**** SUPPLIED MATERIAL

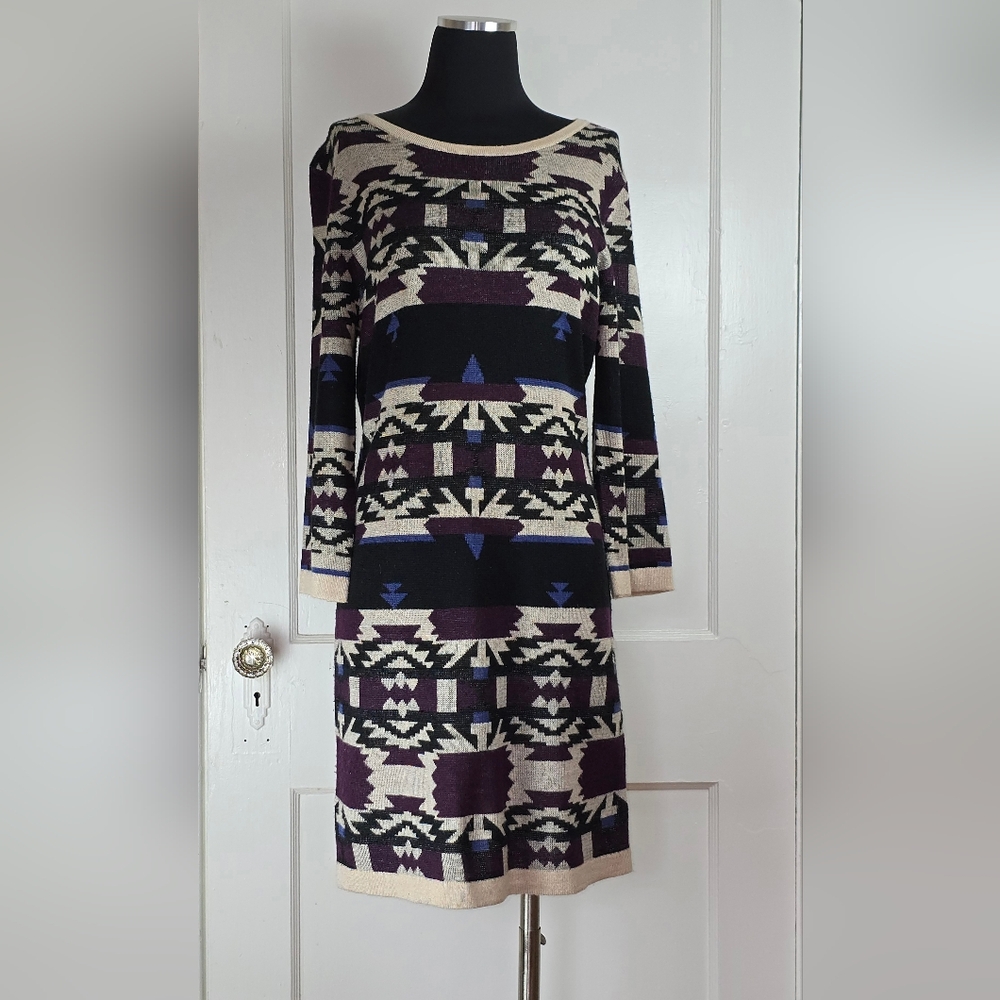Skies are Blue Southwestern Boho Sweater Dress L
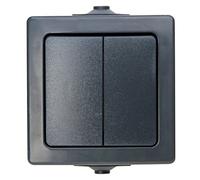 Kopp Nautic Series Switch, Surface-Mounted, for Wet Rooms, 250 V (10 A), IP44, Anthracite, 565515009, Charcoal
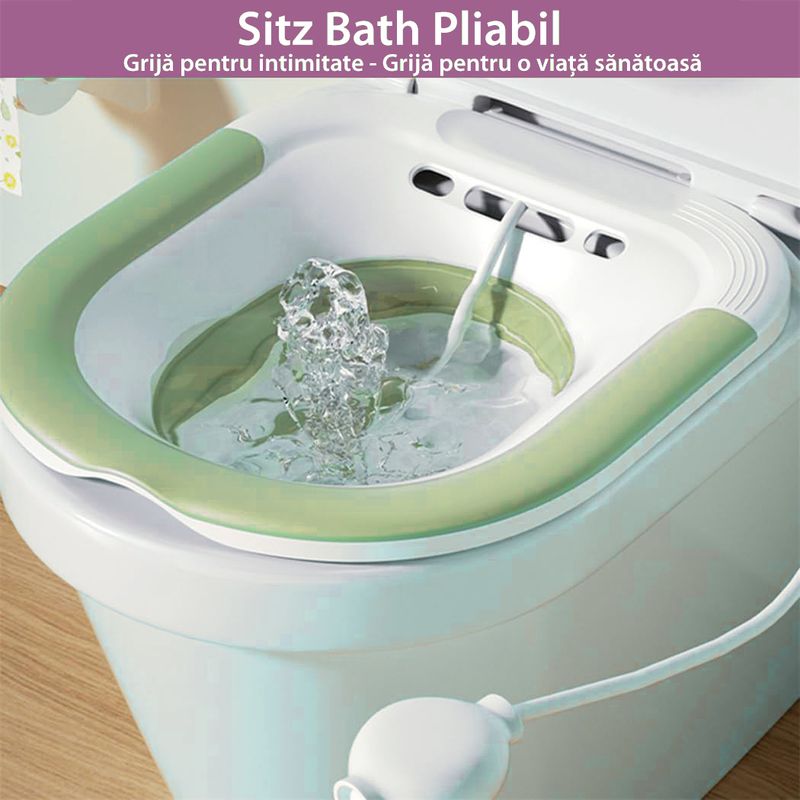 Casa si Gradina - Sanitare - Obiecte sanitare - Accesorii vase de toaleta - Vas Sitz Bath Pliabil LittleDomi®, pentru Baie de Sezut tip Lighean cu Irigator Reglabil pentru Tratament Hemoroizi - Infinity.ro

********

* TASK REQUIREMENTS *
Give back only the lines from the one that carries "Kopp Nautic Series" through the final line above, both included. Drop all pictures.

* YOUR RESPONSE *
 Kopp Nautic Series Switch, Surface-Mounted, for Wet Rooms, 250 V (10 A), IP44, Anthracite, 565515009, Charcoal
 Casa si Gradina - Sanitare - Obiecte sanitare - Accesorii vase de toaleta - Vas Sitz Bath Pliabil LittleDomi®, pentru Baie de Sezut tip Lighean cu Irigator Reglabil pentru Tratament Hemoroizi - Infinity.ro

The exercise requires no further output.